#### DATA EXCERPT ####
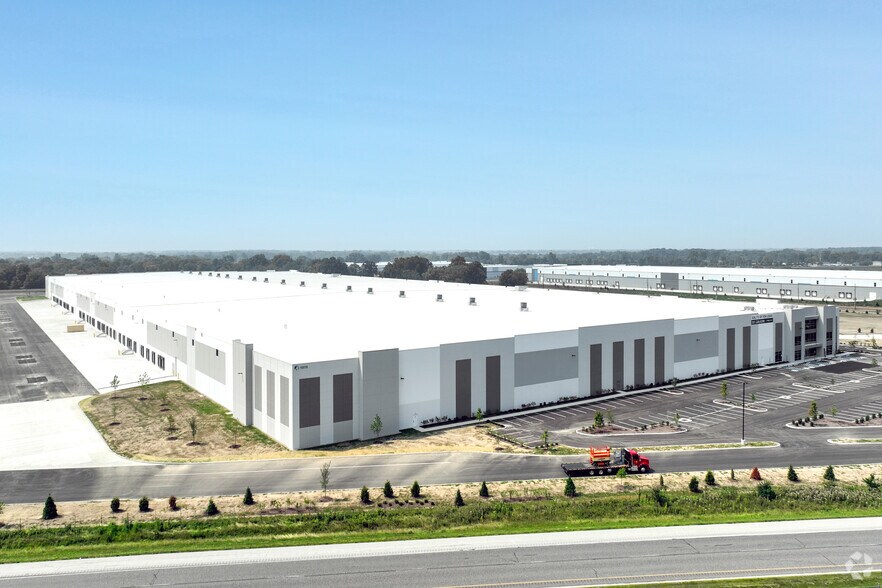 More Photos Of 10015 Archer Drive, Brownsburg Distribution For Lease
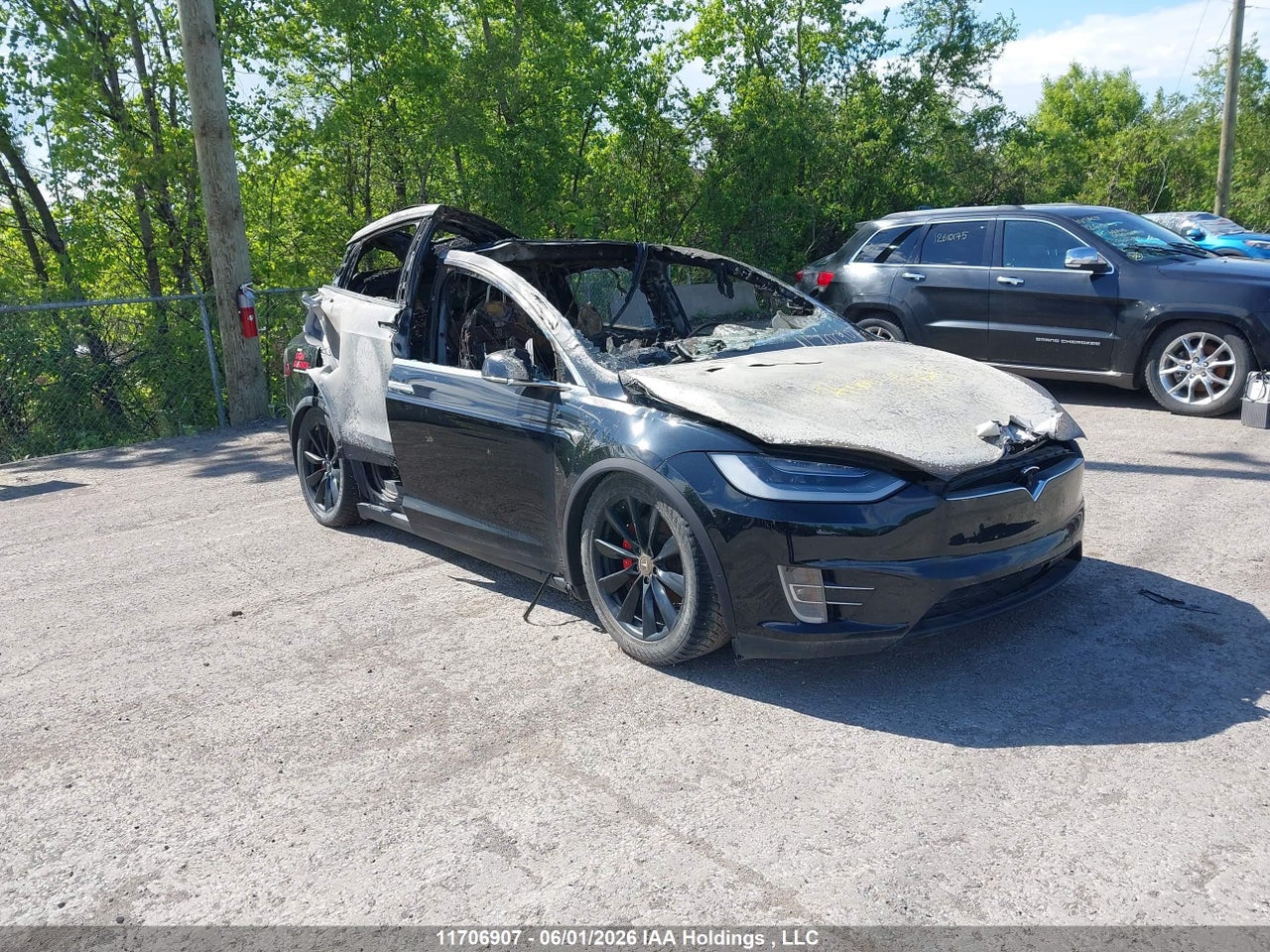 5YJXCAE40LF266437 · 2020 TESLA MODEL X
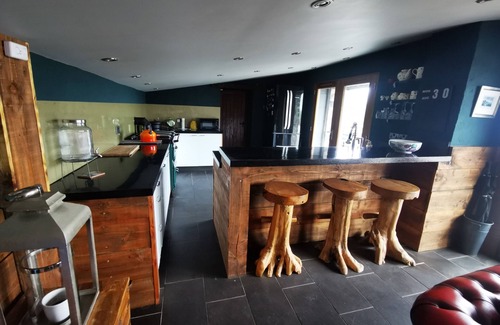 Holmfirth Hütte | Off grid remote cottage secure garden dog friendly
####
Write out the data above precisely. Pictures stay out.

**OUTPUT OF THE TASK:**
 More Photos Of 10015 Archer Drive, Brownsburg Distribution For Lease
 5YJXCAE40LF266437 · 2020 TESLA MODEL X
 Holmfirth Hütte | Off grid remote cottage secure garden dog friendly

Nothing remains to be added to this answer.